Chłopiec z latawcem, Khaled Hosseini


Kilka lat temu, bodajże w 2014 roku, miałam przyjemność zapoznać się z inną pozycją autorstwa Khaleda Hosseiniego czyli "Tysiącem wspaniałych słońc". Pamiętam moją burzliwą przygodę z tym tytułem, bo początkowo absolutnie nie mogłam wczuć się w ową historię a potem pokochałam ją całym serduchem. Pamiętam też, że po skończonej lekturze obiecałam sobie, że sięgnę po inne powieści jakie wyszły spod pióra autora. I tak to sobie obiecywałam przez te dwa lata. I powinnam się za siebie wstydzić bo Khaled Hosseini swoją debiutancką powieścią absolutnie mnie w sobie rozkochał.

Amir i Hassan wychowali się praktycznie w jednym domu a fakt, że zostało wykarmieni przez jedną mamkę czyni z nich niemal braci. Ich światy bardzo się jednak od siebie różnią. Hassan jest synem służącego, niepotrafiącym czytać chłopcem, który cieszy się z małych rzeczy i gotowy jest na wszystko dla swojego przyjaciela. Amir wychowany został przez poważanego przez społeczeństwo ojca, który jednak nie potrafi okazać chłopcu bliskości i wydaje się wręcz rozczarowany jego delikatnością i zainteresowaniem słowem pisanym. By zdobyć ojcowską miłość, Amir postępuje wbrew swojemu sumieniu.
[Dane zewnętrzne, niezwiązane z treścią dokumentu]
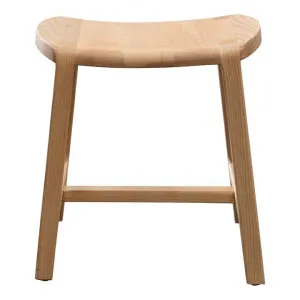 Soren Ash Timber Table Stool, Natural by Conception Living, a Bar Stools for sale on Style Sourcebook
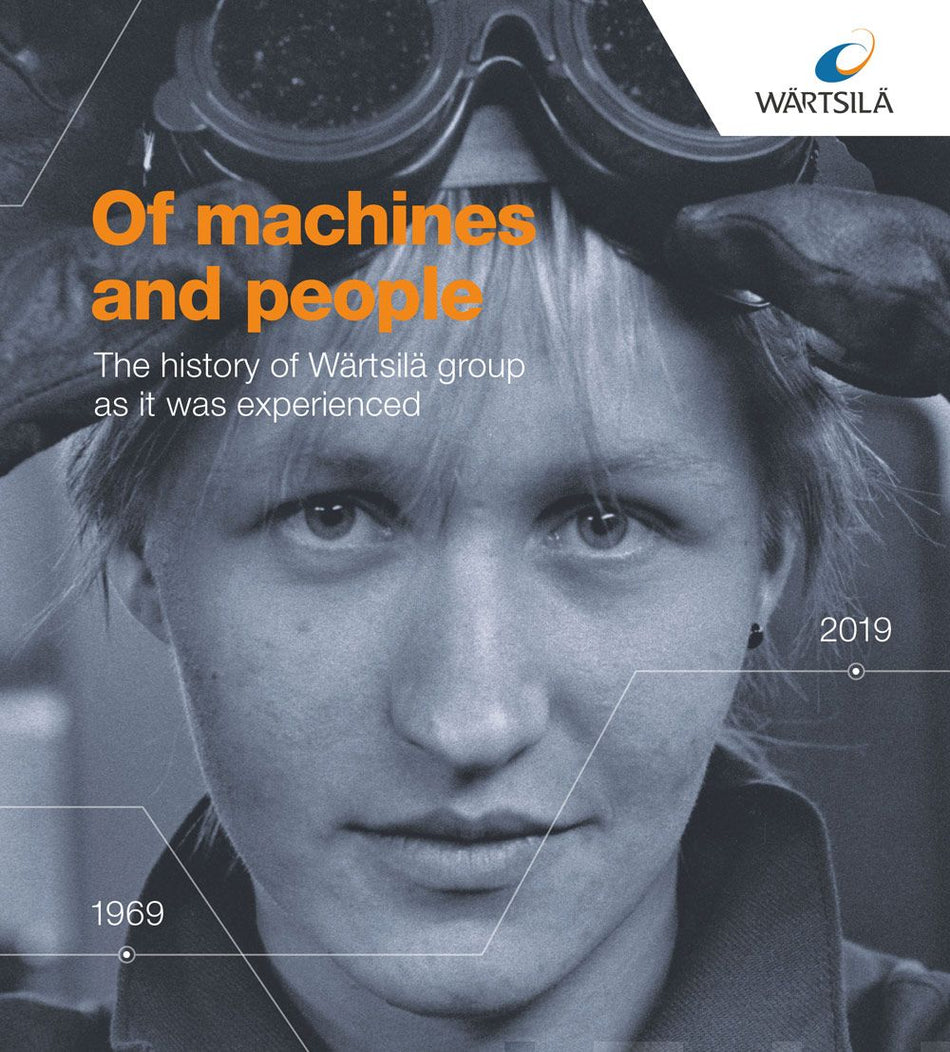 Valokuva kirjasta  Of Machines and People, kuuluu tuoteryhmään Talous yhteiskunta.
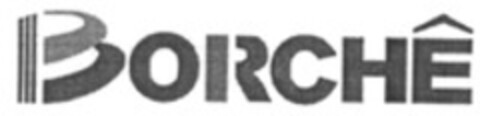 BORSCHE Logo (WIPO, 02/07/2013)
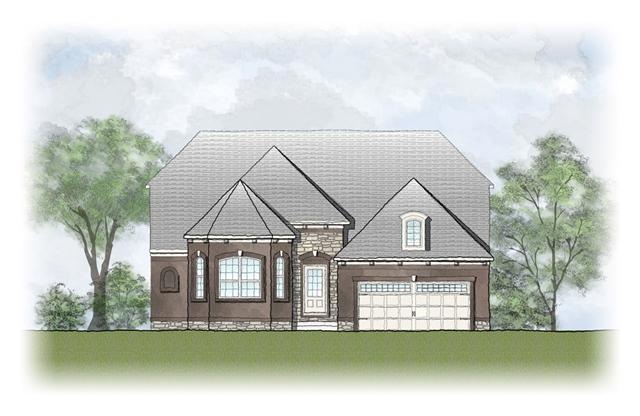 The all new Woodbury from Drees - This is the home you have been waiting for!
Z pozoru idealny dzień, ostatecznie kończy okres dzieciństwa obu chłopców i długo prześladuje jeszcze Amira. Po latach wciąż boryka się z wyrzutami sumienia, otrzymuje jednak od losu drugą szansę na to by tym razem postąpić właściwie. 

"Chłopiec z latawcem" to taka powieść, która w niezwykły sposób gra na emocjach czytelnika, traktując o rzeczach niezwykle ważnych. Khaled Hosseini przedstawia nam historię chłopca rozpaczliwie łaknącego ojcowskiego uczucia; nastolatka nie potrafiącego przyjąć niezwykłego daru oddania w obliczu własnej zdrady; młodego człowieka starającego się zbudować na nowo własne życie; i wreszcie mężczyzny, który podejmuje próbę odpokutowania własnych błędów z dzieciństwa. I naprawdę nie potrafię wyobrazić sobie człowieka, który zagłębiwszy się w ową lekturę, potrafiłby przejąć obok niej obojętnie a potem tak po prostu mógł wyrzucić ją z głowy. 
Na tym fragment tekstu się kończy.